Un produit consommé à l’international

En octobre dernier à Amsterdam, les magasins spécialisés dans la vente de produits à vapoter mettaient également en avant les cartouches et les « crackers », utilisés pour ouvrir ces dernières. Selon le gérant de l’un de ces magasins, cela faisait environ sept mois que le phénomène est devenu populaire dans la capitale néerlandaise. D’après un ancien participant et organisateur** de soirée, le « proto » était de la partie, « peut-être pas à toutes les soirées mais j’ai déjà ramassé quelques kilos de cartouches vides ». Il ajoute : « d’ailleurs, les consommateurs sont pour la plupart assez mal vus, car, généralement, ils laissent traîner leurs cartouches et ballons partout ! ». Et oui, l’un des inconvénients majeurs de l’usage du protoxyde d’azote outre que le problème de santé publique, c’est aussi un problème environnemental pour les villes concernées. Les trottoirs alors défigurés par toutes ces cartouches dans les rues, entraînant la colère des maires et des élus locaux déjà occupés par le risque sanitaire.

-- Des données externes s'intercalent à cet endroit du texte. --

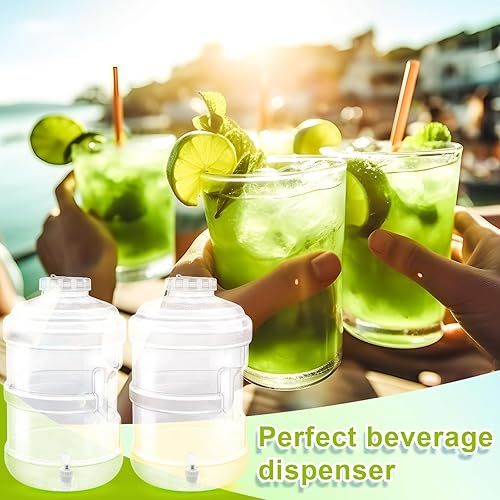 Miniatura 5 de Jarra con tapa y boquilla, dispensador de bebidas de plástico para agua, Aguas Frescas, recipientes para bebidas, ideales para fiestas de jugos,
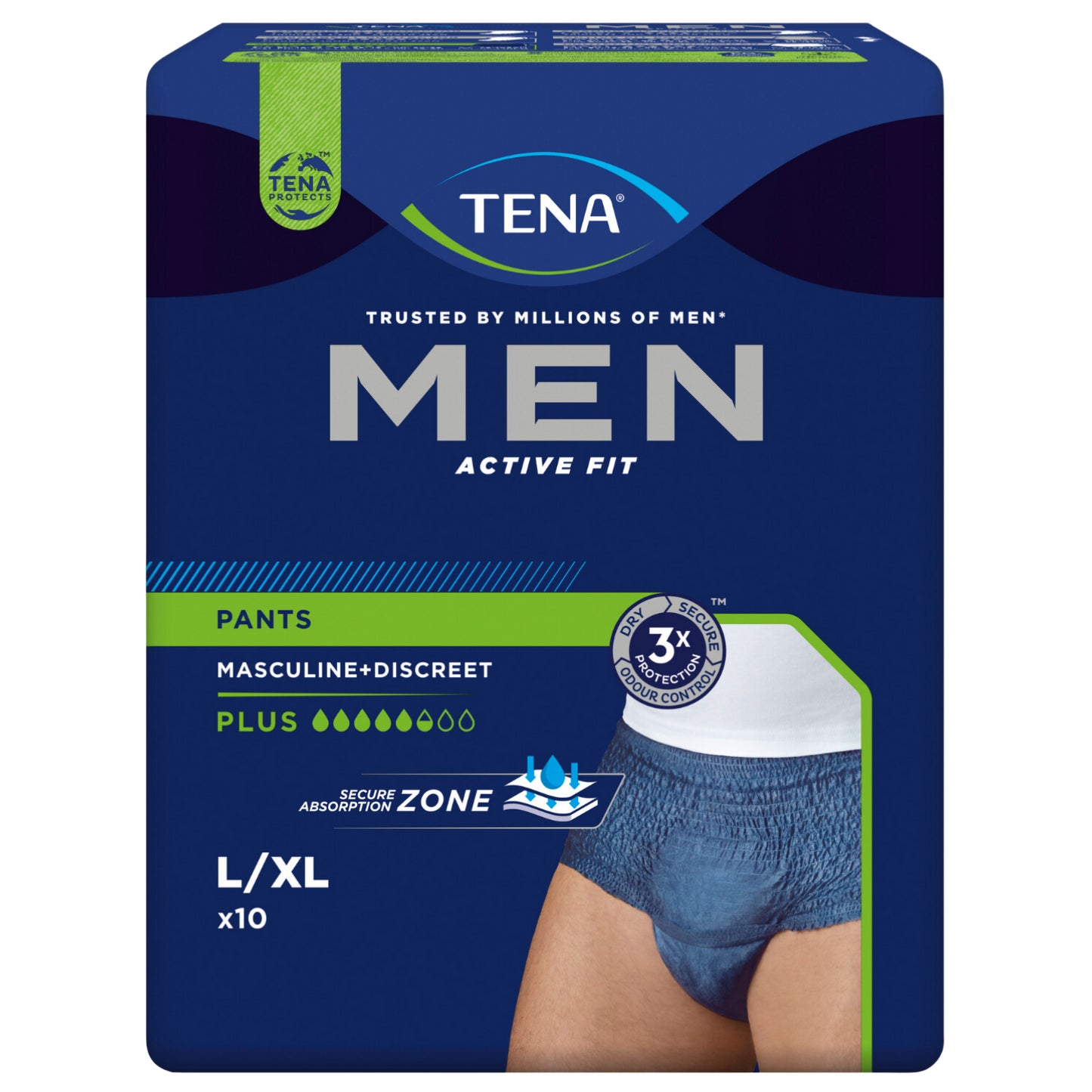 TENA Men Active Fit Pants Plus, Größe: L/XL, Beutel 10 Stück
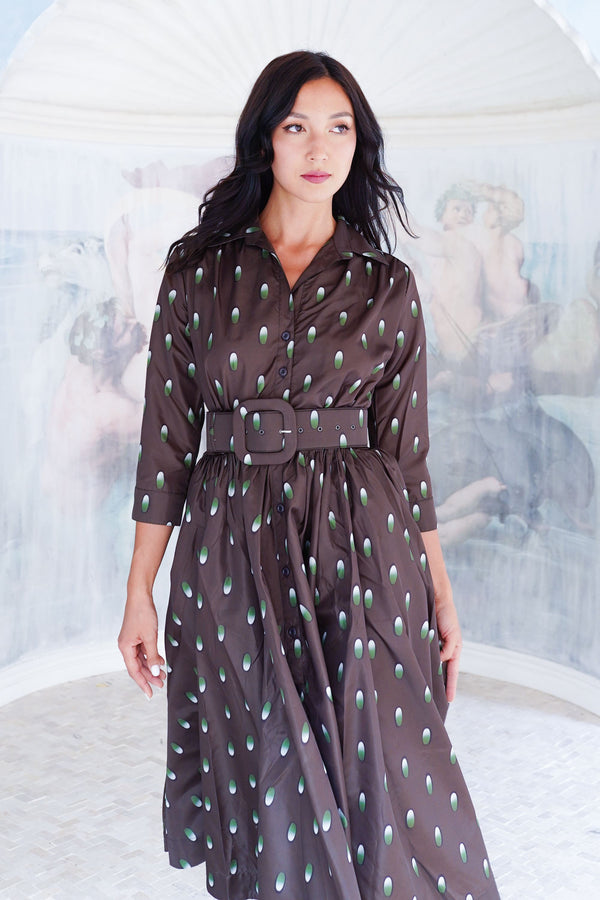 Terry Dress Shirt Collar 3/4 Sleeve Midi Plus Length Poliamide Taffta (Grading Dots)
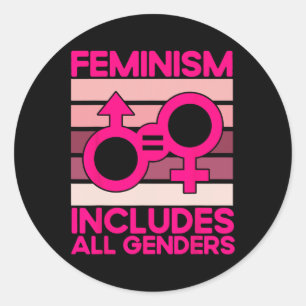 Adesivo Redondo Feminismo inclui todos os gêneros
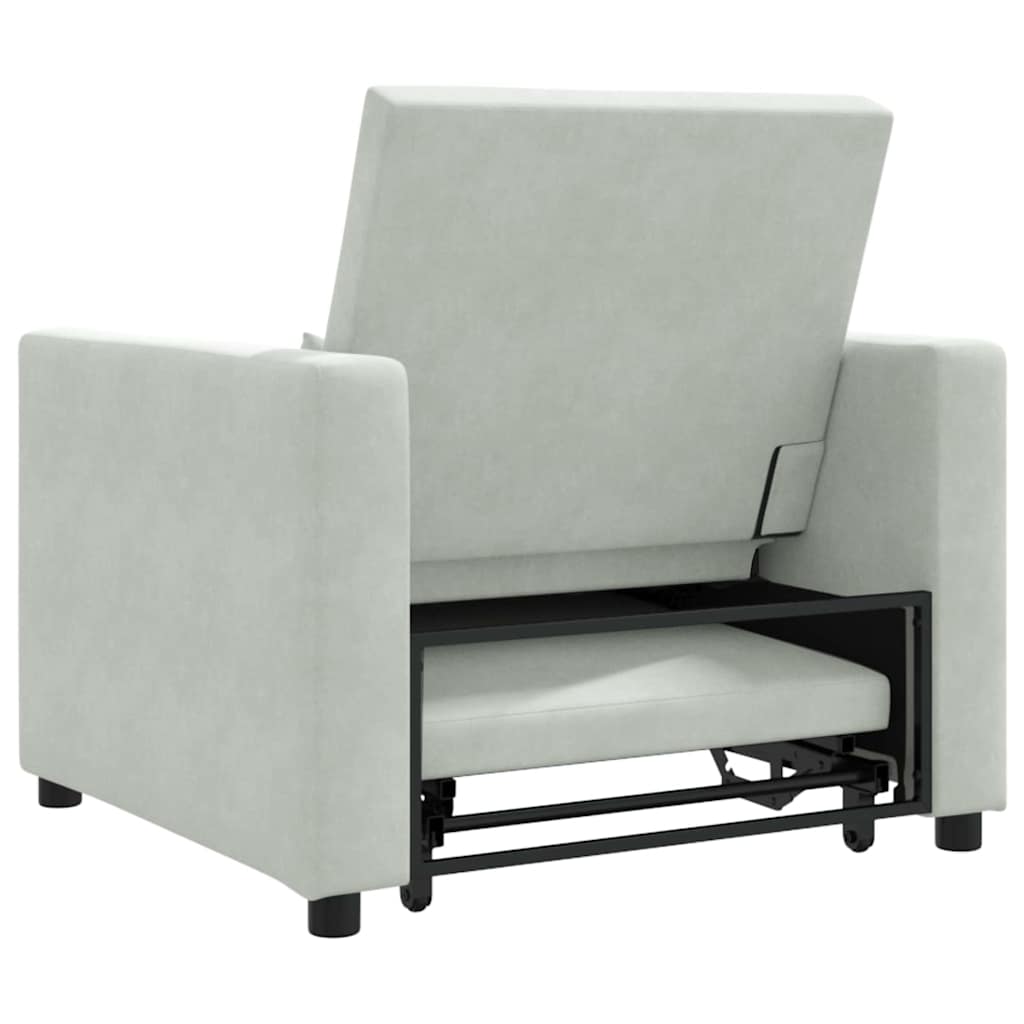 Canapé Lit Simple Gris clair 90 x 165 x 87 cm Velours - XIOS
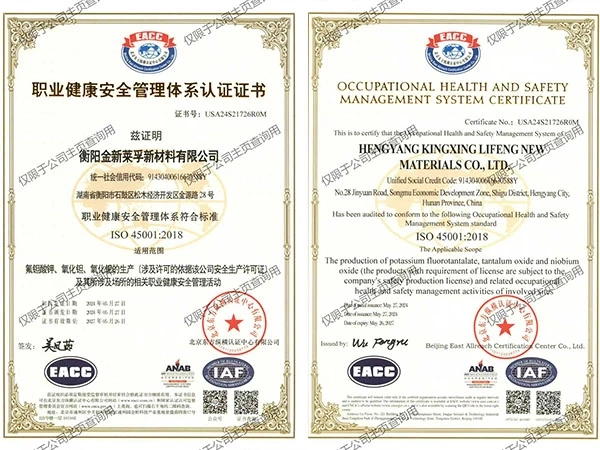 ISO 45001 Occupational Health and Safety Management System Certification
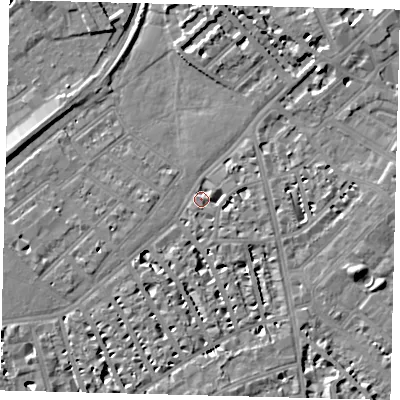 Shaded relief map of the ground around SW64SJ, computed from Environment Agency LiDAR. The ground here sits at about 4 m above sea level and falls 8 m across the surrounding 800 m. Surface water reaching this point runs off ground lying to the south, 4.5 m higher.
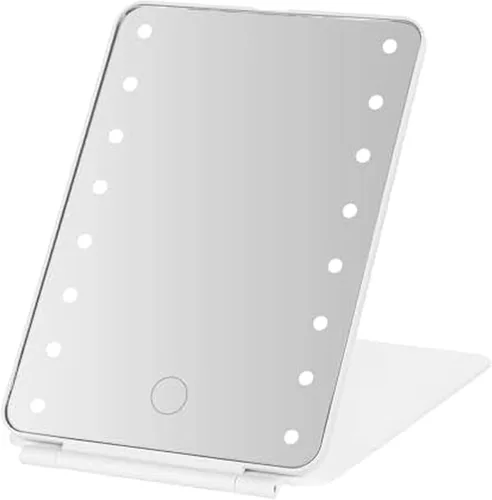 Vista 7 de MELANNCO Espejo de tocador con luces, 7.8 x 5.3 pulgadas, espejo de maquillaje LED de oro rosa para escritorio, 16 bombillas LED, plegable
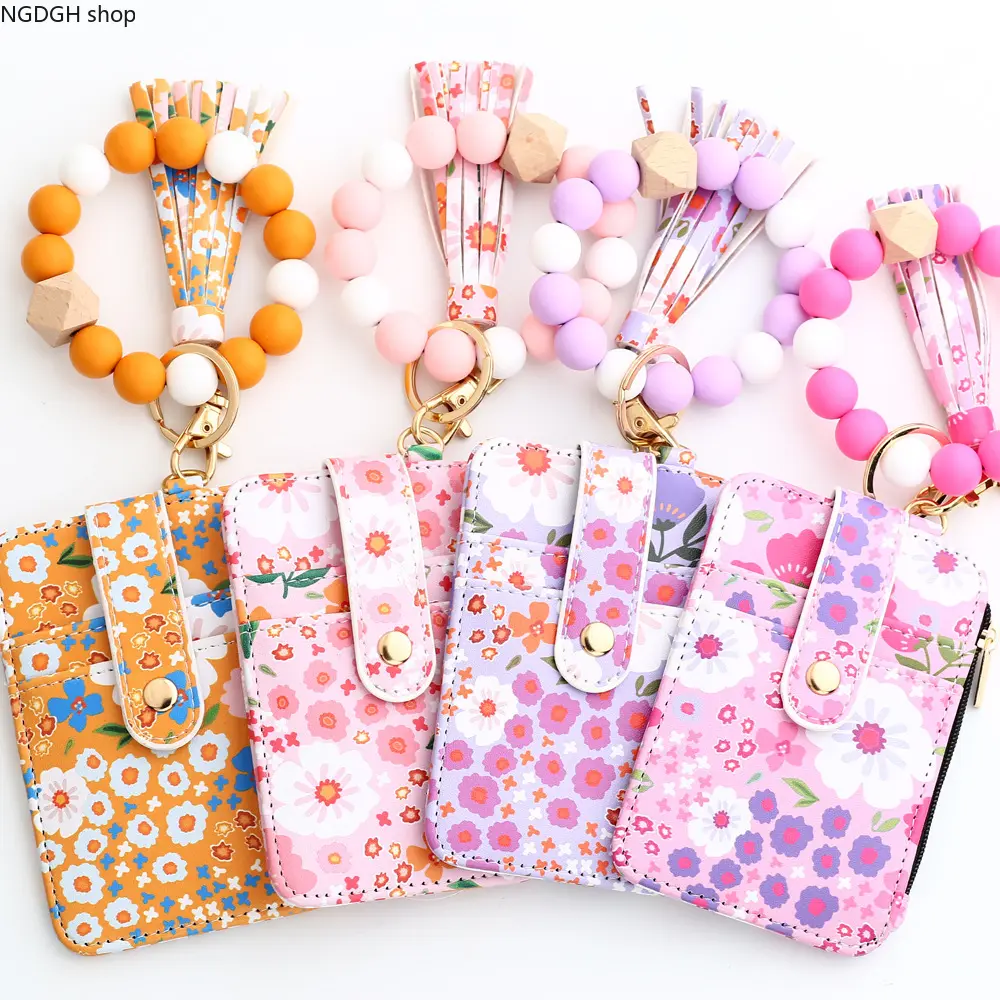 FloralPrintCardHolderWristletKeychain,MultiCardSlotsZipperCoinPurseWithSiliconeBeadBracelet&Tassel,CutePULeatherIDCardWallet,PortableKeyRingAccessoryForDailyCommute,ShoppingAndTravelOutfitDecoration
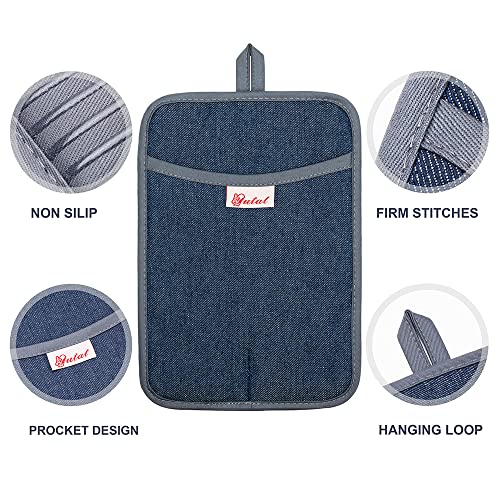 Oven Mitts Pot Holders Set of 4 Made with Pure Cotton and Food Grade Non (4PCS‑13"L x 6"W/Grey‑Denim Striped Surface)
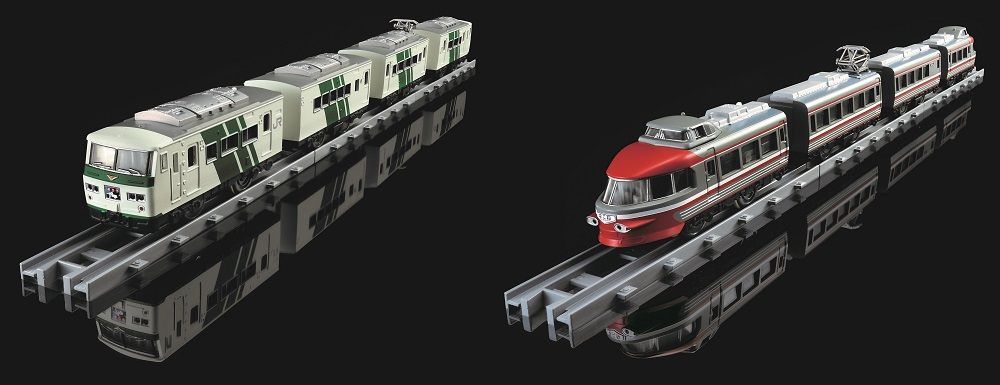 『プラレール リアルクラス』（左から）185系特急電車（踊り子・緑ストライプ）、小田急ロマンスカー3100形NSE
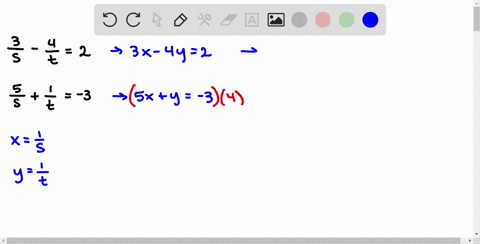 solve-the-following-system-for-s-and-t-leftbeginarraylfrac35-frac4t2-frac55frac1t-3-endarrayright-hi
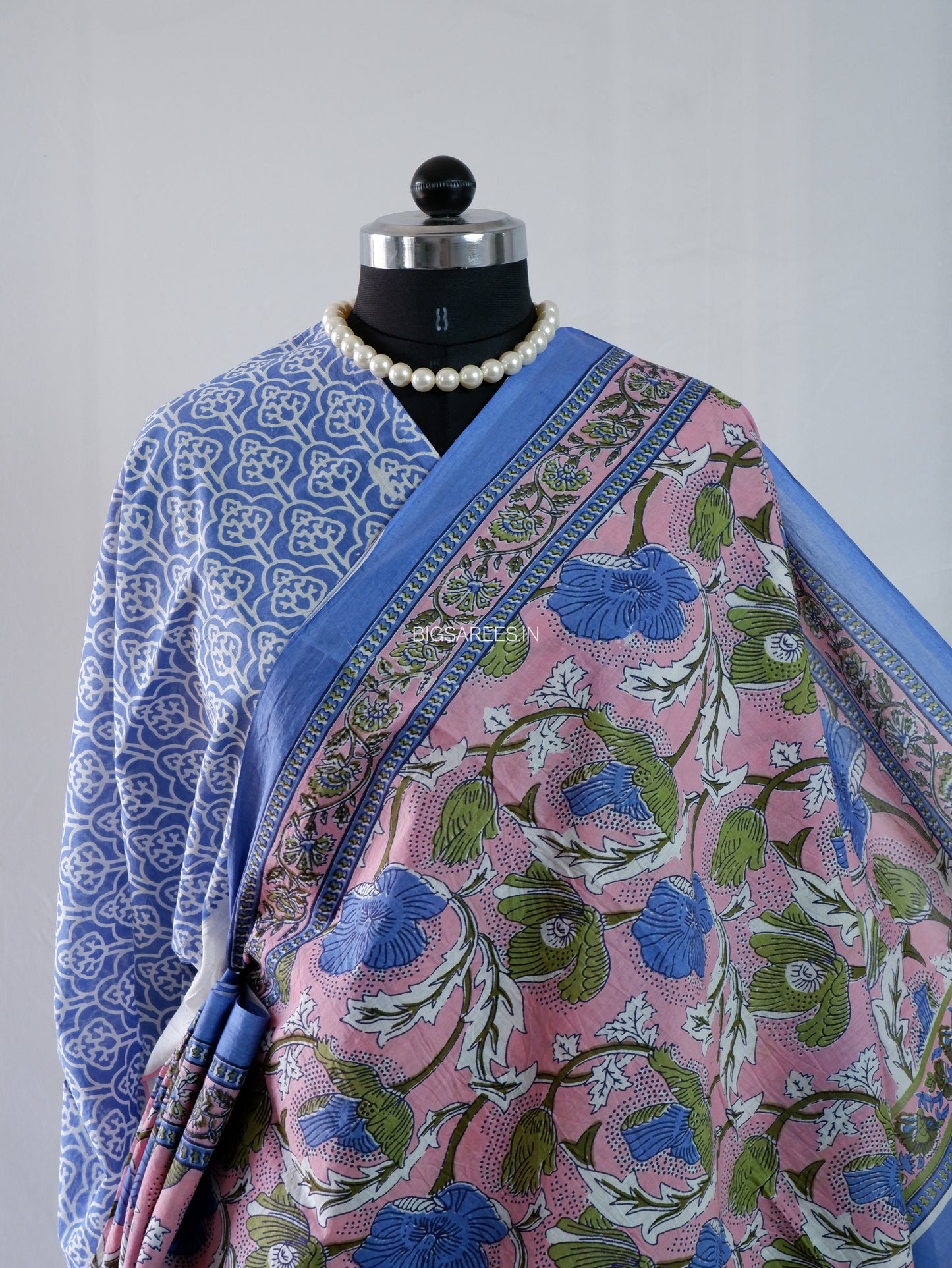 Hand Block Print Saree | Mal Mal Cotton | Baby Pink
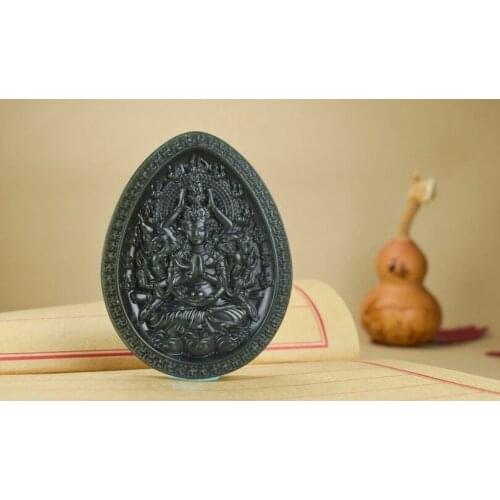 Natural Hetian jade jade thousand hand Guanyin brand tower green a fine Guanyin carved pendant pendant hp290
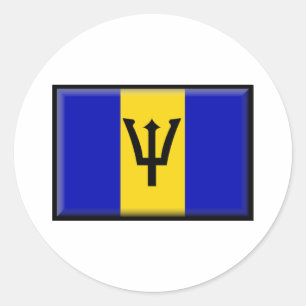 Barbados Flag Classic Round Sticker
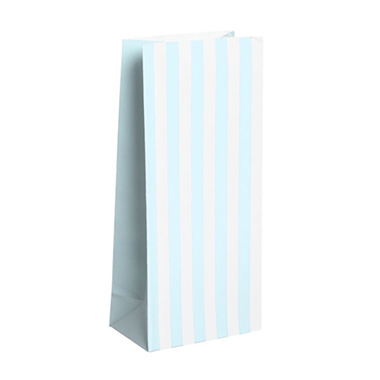 Lolly Bag Large Stripes Baby Blue (10Wx6Gx22.5cmH) Pack 25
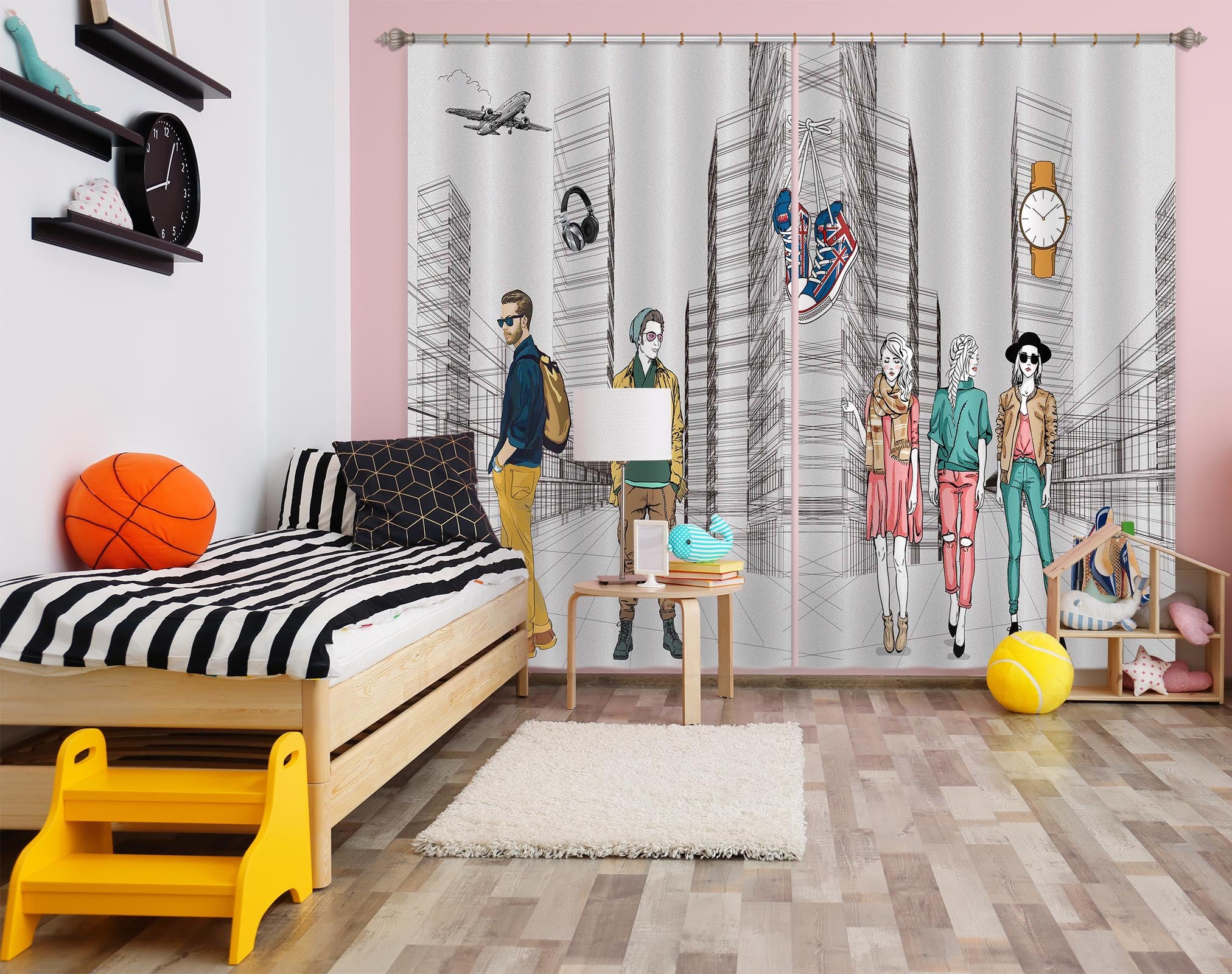 3D Fashion Youth 781 Curtains Drapes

Alors que le protoxyde d’azote séduit les consommateurs par son bas prix et ses effets euphorisant, il faut tout de même en rappeler les conséquences. La consommation régulière et à outrance de cette substance, peut avoir de réels effets dévastateurs pour l’organisme : maux de tête, vomissement, asphyxie ou encore sclérose combinée de la moelle épinière.